Restate word for word the lines of the records below, starting at the line that contains "HITNET Bamboo Tall" and ending at the line that contains "Outsunny 8' x", with both of those lines included and nothing else.

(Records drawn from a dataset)
§
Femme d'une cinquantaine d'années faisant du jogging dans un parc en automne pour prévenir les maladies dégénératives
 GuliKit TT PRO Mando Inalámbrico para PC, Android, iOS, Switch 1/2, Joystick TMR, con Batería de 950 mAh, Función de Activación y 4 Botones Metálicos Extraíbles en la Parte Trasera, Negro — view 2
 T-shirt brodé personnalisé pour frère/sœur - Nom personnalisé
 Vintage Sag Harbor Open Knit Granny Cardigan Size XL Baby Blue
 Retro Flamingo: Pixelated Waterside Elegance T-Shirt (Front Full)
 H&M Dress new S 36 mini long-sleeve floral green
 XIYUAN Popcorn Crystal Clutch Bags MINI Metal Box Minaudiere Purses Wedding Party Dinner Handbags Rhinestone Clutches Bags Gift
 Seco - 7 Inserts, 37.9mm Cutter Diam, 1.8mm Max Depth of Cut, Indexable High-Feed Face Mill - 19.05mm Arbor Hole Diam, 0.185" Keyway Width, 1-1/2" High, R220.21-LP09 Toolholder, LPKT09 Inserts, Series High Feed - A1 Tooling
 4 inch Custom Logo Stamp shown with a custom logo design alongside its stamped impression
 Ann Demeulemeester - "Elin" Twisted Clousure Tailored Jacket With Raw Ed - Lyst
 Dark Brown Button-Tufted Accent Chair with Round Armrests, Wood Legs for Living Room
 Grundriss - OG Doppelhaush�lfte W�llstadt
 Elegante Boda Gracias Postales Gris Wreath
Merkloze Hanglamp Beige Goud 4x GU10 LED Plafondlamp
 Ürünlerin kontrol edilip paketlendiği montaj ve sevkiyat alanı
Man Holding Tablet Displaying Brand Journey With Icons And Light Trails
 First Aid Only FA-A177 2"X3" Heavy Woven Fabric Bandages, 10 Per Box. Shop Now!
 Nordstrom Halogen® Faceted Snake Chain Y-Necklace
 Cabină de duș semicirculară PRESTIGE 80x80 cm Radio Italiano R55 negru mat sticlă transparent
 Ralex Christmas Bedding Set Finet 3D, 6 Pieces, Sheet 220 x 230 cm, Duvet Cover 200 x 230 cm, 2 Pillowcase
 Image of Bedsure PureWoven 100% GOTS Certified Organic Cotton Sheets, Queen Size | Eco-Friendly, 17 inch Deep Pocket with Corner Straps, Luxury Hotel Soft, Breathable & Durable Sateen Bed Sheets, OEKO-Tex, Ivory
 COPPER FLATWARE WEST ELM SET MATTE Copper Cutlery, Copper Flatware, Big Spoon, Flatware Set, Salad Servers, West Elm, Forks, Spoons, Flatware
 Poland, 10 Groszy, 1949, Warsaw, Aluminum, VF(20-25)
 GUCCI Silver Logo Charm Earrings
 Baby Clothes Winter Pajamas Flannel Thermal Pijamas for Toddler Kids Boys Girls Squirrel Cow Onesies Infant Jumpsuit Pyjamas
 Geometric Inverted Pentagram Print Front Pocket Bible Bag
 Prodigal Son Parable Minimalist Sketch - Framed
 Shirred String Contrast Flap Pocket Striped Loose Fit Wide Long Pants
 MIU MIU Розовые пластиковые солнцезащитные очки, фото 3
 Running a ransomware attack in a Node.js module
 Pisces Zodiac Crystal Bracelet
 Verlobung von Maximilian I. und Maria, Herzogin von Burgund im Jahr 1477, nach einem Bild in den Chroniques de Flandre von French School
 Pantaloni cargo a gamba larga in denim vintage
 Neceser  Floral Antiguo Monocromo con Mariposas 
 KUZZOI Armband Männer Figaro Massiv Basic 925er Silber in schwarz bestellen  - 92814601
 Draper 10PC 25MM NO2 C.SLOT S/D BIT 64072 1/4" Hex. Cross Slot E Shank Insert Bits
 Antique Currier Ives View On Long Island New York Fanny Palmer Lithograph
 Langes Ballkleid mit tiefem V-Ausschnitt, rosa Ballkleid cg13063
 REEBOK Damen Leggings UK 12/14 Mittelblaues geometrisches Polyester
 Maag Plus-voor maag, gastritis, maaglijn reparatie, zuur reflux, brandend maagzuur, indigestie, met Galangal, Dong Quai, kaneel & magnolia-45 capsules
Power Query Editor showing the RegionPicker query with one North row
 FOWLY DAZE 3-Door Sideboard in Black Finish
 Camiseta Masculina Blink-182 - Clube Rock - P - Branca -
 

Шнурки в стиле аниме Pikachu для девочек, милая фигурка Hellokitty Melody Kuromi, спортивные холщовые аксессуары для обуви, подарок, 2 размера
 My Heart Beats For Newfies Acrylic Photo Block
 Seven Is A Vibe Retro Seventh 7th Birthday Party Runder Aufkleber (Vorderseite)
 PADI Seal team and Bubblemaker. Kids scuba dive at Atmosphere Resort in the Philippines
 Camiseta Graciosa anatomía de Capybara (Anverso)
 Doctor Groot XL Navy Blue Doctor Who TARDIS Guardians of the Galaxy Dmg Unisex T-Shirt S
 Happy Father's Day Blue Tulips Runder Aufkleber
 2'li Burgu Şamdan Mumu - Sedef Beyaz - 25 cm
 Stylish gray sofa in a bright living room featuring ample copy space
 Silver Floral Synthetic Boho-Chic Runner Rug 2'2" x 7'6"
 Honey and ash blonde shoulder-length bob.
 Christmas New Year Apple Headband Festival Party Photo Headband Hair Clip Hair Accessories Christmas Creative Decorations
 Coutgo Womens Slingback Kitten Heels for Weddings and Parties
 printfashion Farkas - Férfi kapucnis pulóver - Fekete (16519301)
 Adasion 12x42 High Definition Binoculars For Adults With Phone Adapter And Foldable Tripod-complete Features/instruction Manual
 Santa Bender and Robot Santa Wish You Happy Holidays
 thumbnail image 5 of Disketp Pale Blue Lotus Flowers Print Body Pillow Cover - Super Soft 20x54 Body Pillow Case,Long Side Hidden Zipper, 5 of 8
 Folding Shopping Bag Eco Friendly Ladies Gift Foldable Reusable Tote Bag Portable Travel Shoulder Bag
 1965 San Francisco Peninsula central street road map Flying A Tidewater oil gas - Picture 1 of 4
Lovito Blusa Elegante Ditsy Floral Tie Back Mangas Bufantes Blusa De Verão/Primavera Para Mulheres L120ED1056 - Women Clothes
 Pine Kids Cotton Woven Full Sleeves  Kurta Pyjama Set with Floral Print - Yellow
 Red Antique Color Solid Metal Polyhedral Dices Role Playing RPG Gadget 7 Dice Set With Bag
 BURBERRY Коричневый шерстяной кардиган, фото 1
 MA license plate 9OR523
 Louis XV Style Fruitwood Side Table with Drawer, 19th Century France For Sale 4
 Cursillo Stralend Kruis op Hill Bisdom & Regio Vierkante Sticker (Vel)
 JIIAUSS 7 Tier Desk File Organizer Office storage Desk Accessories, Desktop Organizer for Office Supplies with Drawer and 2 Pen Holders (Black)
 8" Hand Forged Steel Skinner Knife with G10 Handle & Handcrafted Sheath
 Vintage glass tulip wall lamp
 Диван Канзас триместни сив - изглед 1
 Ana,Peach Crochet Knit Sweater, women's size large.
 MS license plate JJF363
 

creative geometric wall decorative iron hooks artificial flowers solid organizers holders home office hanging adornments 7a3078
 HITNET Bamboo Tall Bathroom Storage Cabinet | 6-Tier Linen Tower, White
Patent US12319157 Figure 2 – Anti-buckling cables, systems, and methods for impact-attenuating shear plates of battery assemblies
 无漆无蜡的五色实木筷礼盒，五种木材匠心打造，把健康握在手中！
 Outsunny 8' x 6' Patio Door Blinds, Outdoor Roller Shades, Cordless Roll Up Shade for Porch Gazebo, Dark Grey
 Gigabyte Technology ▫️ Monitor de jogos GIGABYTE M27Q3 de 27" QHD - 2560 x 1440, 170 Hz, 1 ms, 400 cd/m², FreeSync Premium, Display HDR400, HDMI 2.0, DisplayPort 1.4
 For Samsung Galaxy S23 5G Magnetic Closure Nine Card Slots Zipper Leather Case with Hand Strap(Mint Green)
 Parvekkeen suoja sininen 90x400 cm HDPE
§
[YOUR SOLUTION]:
 HITNET Bamboo Tall Bathroom Storage Cabinet | 6-Tier Linen Tower, White
Patent US12319157 Figure 2 – Anti-buckling cables, systems, and methods for impact-attenuating shear plates of battery assemblies
 无漆无蜡的五色实木筷礼盒，五种木材匠心打造，把健康握在手中！
 Outsunny 8' x 6' Patio Door Blinds, Outdoor Roller Shades, Cordless Roll Up Shade for Porch Gazebo, Dark Grey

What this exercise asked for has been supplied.